[Dataset excerpts]
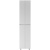Шкаф-пенал напольный Норма 45 без ящика АЙСБЕРГ DA1644P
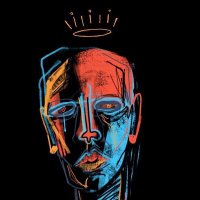 •Prodii•🪽 (@ja_ohireme) 's Twitter Profile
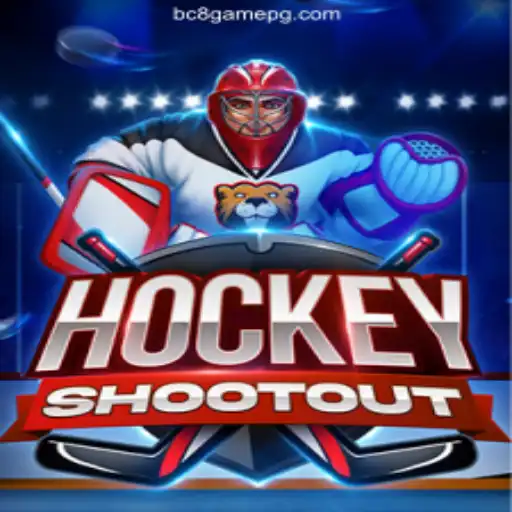 A Deep Dive into HockeyShootout: Features, Gameplay, and the Online Casino Revolution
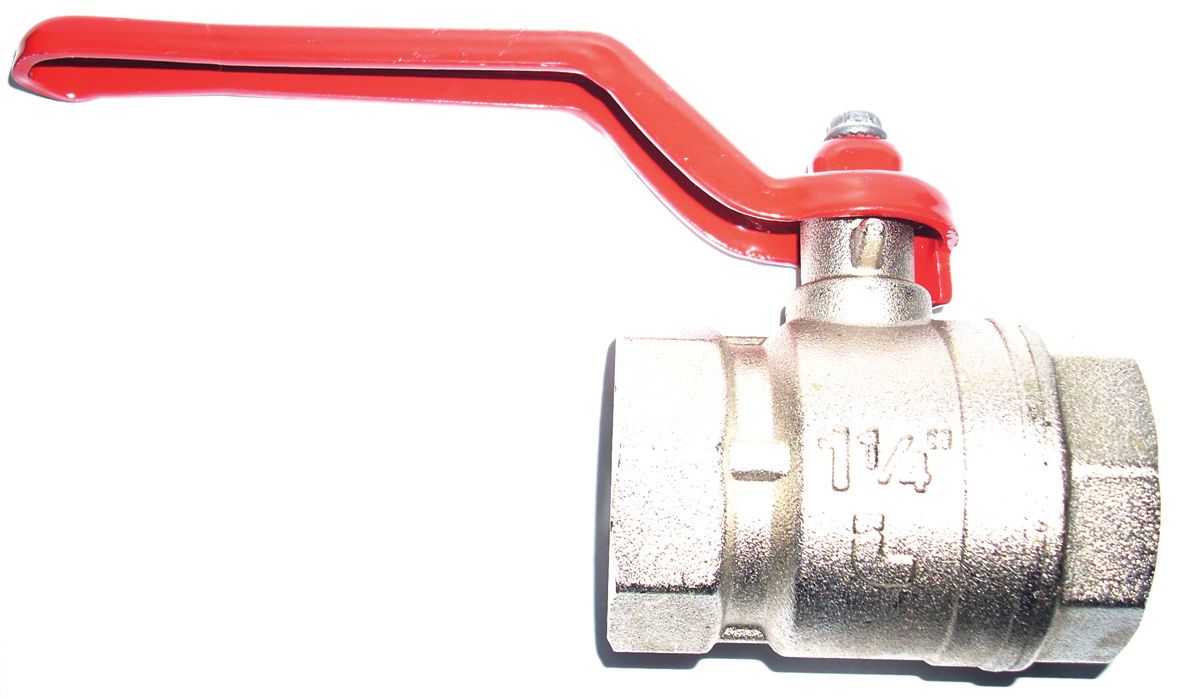 ΚΡΟΥΝΟΣ ΙΤΑΡ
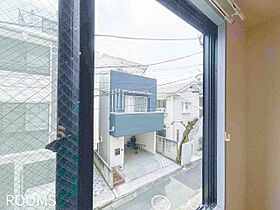 東京都世田谷区三軒茶屋2丁目（賃貸マンション1R・2階・16.14㎡） その11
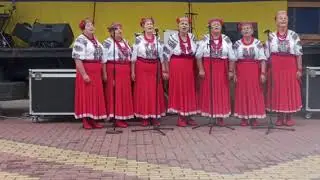 То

What the task requires: Print again, word for word, every line from the line with "A Deep Dive" to the final line of the records, inclusive; skip the pictures.

Exercise answer:
 A Deep Dive into HockeyShootout: Features, Gameplay, and the Online Casino Revolution
 ΚΡΟΥΝΟΣ ΙΤΑΡ
 東京都世田谷区三軒茶屋2丁目（賃貸マンション1R・2階・16.14㎡） その11
 То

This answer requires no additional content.